[Scraped caption text data]
* * *
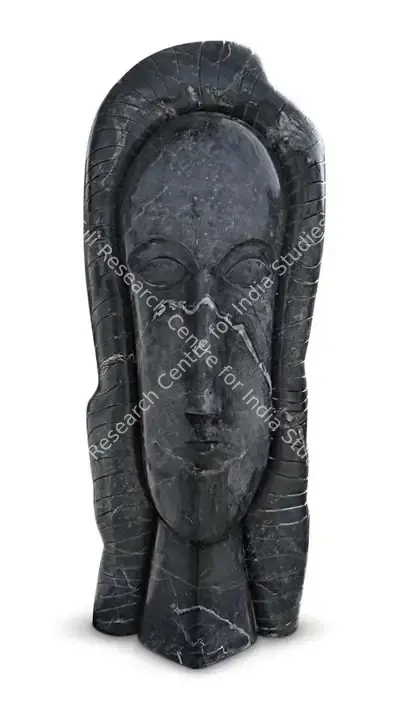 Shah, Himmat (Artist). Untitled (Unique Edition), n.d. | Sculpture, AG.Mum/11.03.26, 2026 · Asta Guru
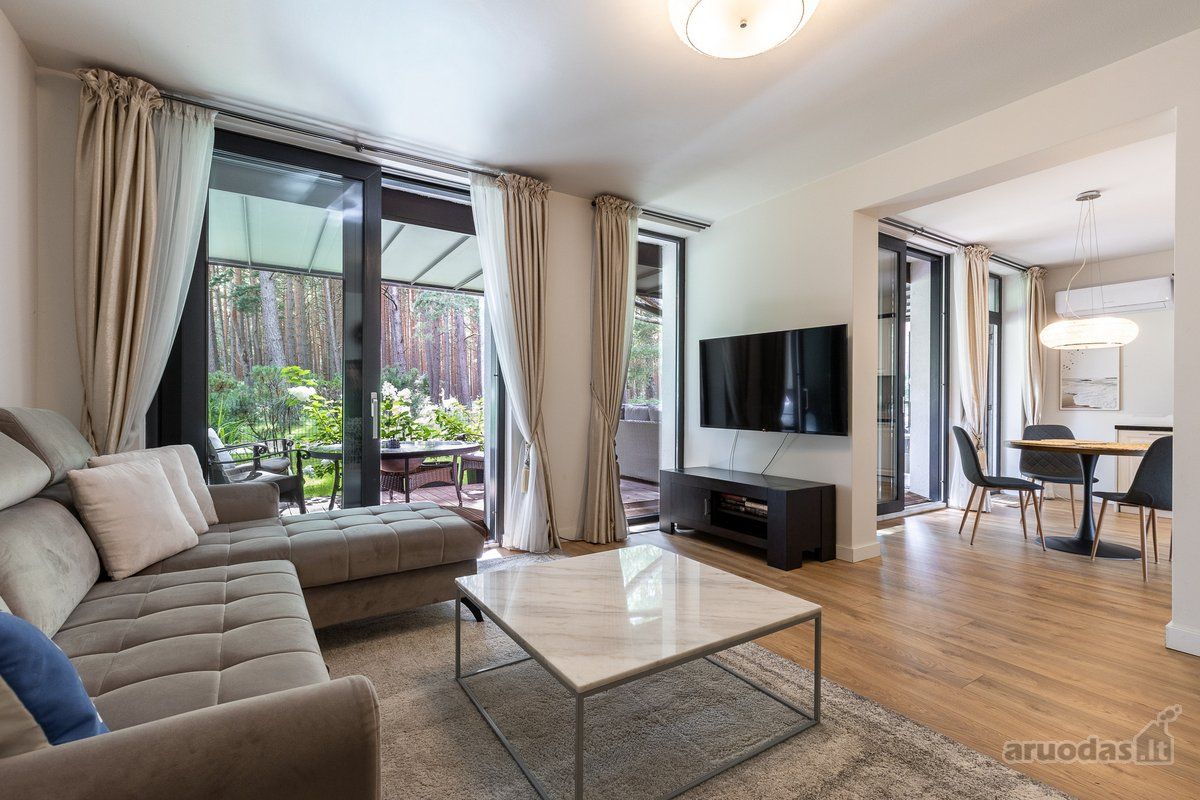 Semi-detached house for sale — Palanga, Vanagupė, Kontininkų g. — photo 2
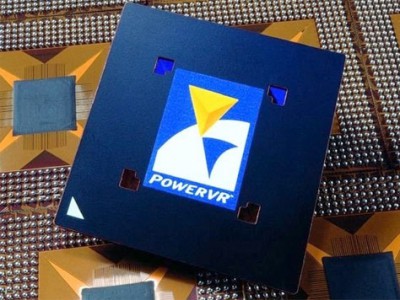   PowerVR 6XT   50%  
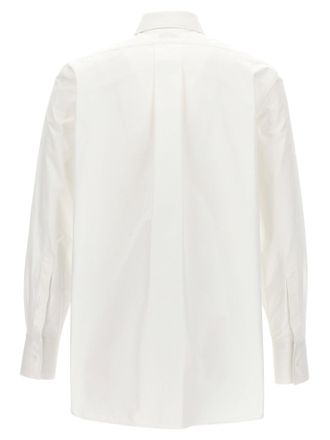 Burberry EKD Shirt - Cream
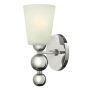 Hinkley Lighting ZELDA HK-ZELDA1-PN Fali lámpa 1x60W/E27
* * *
- YOUR INSTRUCTIONS
Beginning with the line that holds "Burberry EKD Shirt - Cream", return each line through the end of the records above exactly. Do not include pictures.

- ANSWER TO THIS EXERCISE
 Burberry EKD Shirt - Cream
 Hinkley Lighting ZELDA HK-ZELDA1-PN Fali lámpa 1x60W/E27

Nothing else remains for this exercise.